城山稲荷神社がお祭りする神様(御祭神)は何なのかが気になるところ。

また、どんな御利益(ごりやく)があるのでしょうか。

実は、稲荷神社は「ウカノミタマ (漢字表記:宇迦之御魂 ほか)」という神様を祭る神社なんです。
ですから城山稲荷神社もウカノミタマを祭っています。

ウカノミタマは、食物・穀物・農業の神様です。

そのため、五穀豊穣の御利益があり、さらにそこから広がって商売繁盛産業繁栄などの利益があるとされています。

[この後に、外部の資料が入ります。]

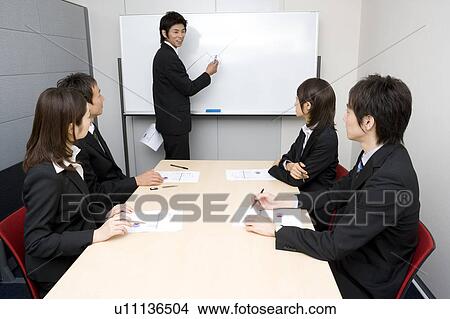 Group of business people having meeting View Large Photo Image Picture - Group of business people having meeting. Fotosearch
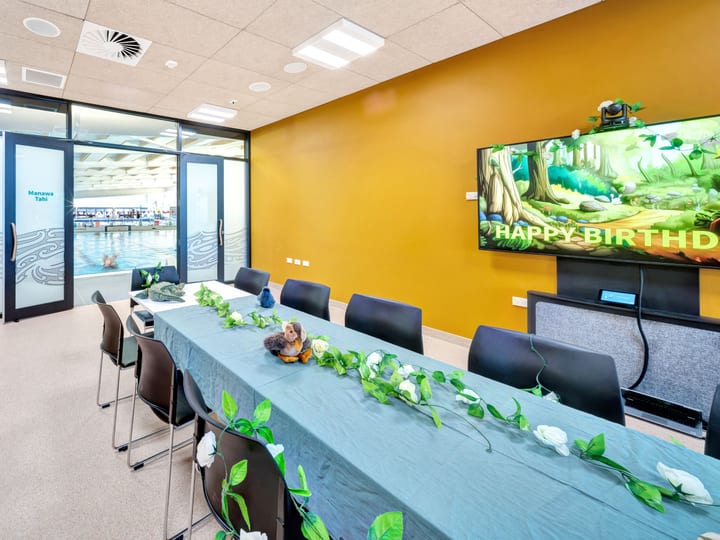 Meeting room with long table, chairs and large display screen on yellow wall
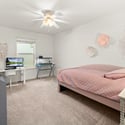 Bedroom 3 on the upper level (includes walk-in closet)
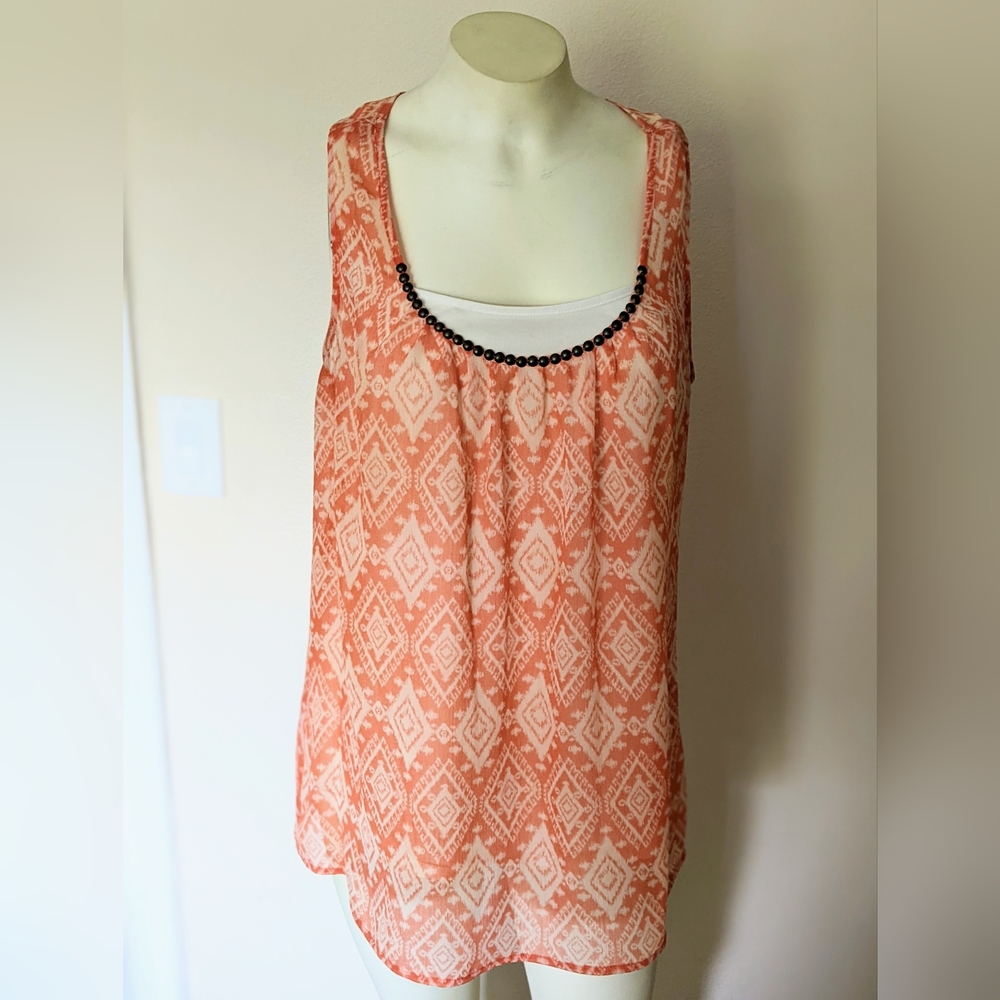 Sleeveless sheer coral summer blouse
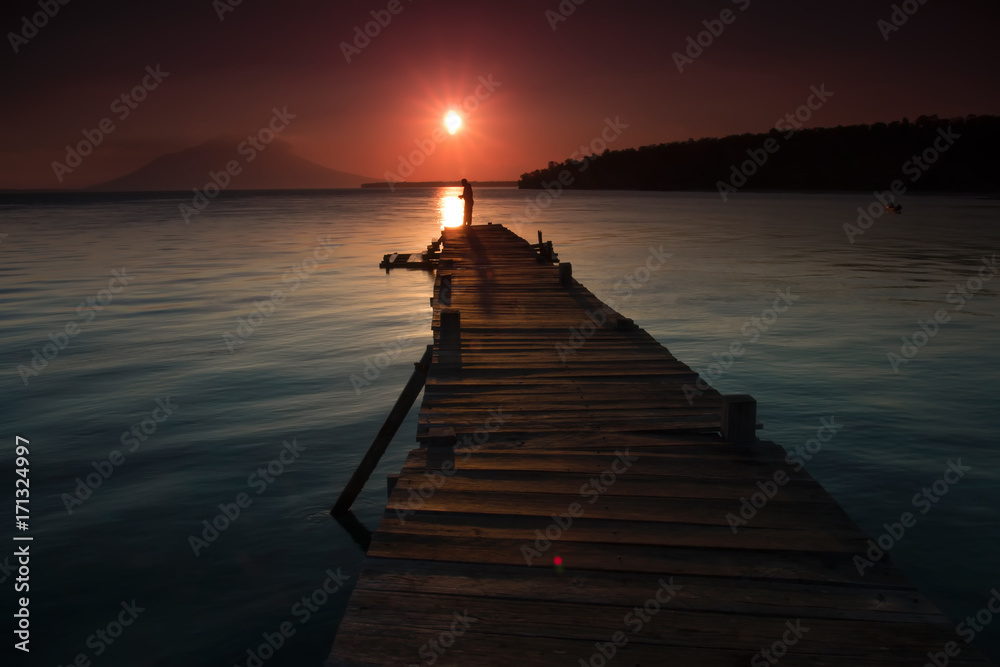 Landscape of wooden bridge in the port between sunsets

なお「ウカ」とは古い日本語で「食べ物」の意味、「ミ(御)」は神聖な意味を表す接頭語、「タマ」は魂です。

つまり、ウカノミタマとは「食べ物の魂」ということ。

ちなみに、稲荷とは「いねなり=稲がなる」というのが由来です。
「いねなり」に稲荷・稲成・稲生・飯生などの漢字を当てて、さらに読み方が「いなり」に変化しました。

名前のとおり、元々は稲作の神様だったんですね。
それがいつしか、稲荷神と食物の神様であるウカノミタマが同じ神様とみなされるようになりました。

城山稲荷神社の歴史

城山稲荷神社は、現在は小さな神社ですが、古い歴史がある神社なんです。

ここからは、城山稲荷神社の歴史を紹介します。

アイビースクエアの東側はかつて山があった

現在のアイビースクエアの敷地の東半分にあたるところには、かつて小さな丘があり、森林になっていました。

城山稲荷神社への行き方:アイビースクエア前

かつて山だったアイビースクエア東部(正門付近)

その小さな丘は地名をとって「倉敷山」と呼ばれていました。

また、江戸時代初期に備中代官となった小堀 遠州(こぼり えんしゅう)が茶屋を建てたとの伝承もあることから「茶屋山」とも。

城山稲荷神社:城山推定場所

城山があったと推定される場所

実は、 この倉敷山にはかつて城が築かれていたんです。
そのため倉敷山は「城山」とも呼ばれていました(以降、城山で統一)。

城山には美観地区唯一とされる城があった

城山にあった城は、平安時代の前期におこった「藤原純友の乱」で活躍した小野 好古(おの よしふる)が、拠点のひとつとして建てたといわれています。

それ以降、小野氏の末裔が拠点としていました。

この城は「倉敷城」「倉敷山城」「小野城(おのがじょう、おのじょう)」などと呼ばれていました。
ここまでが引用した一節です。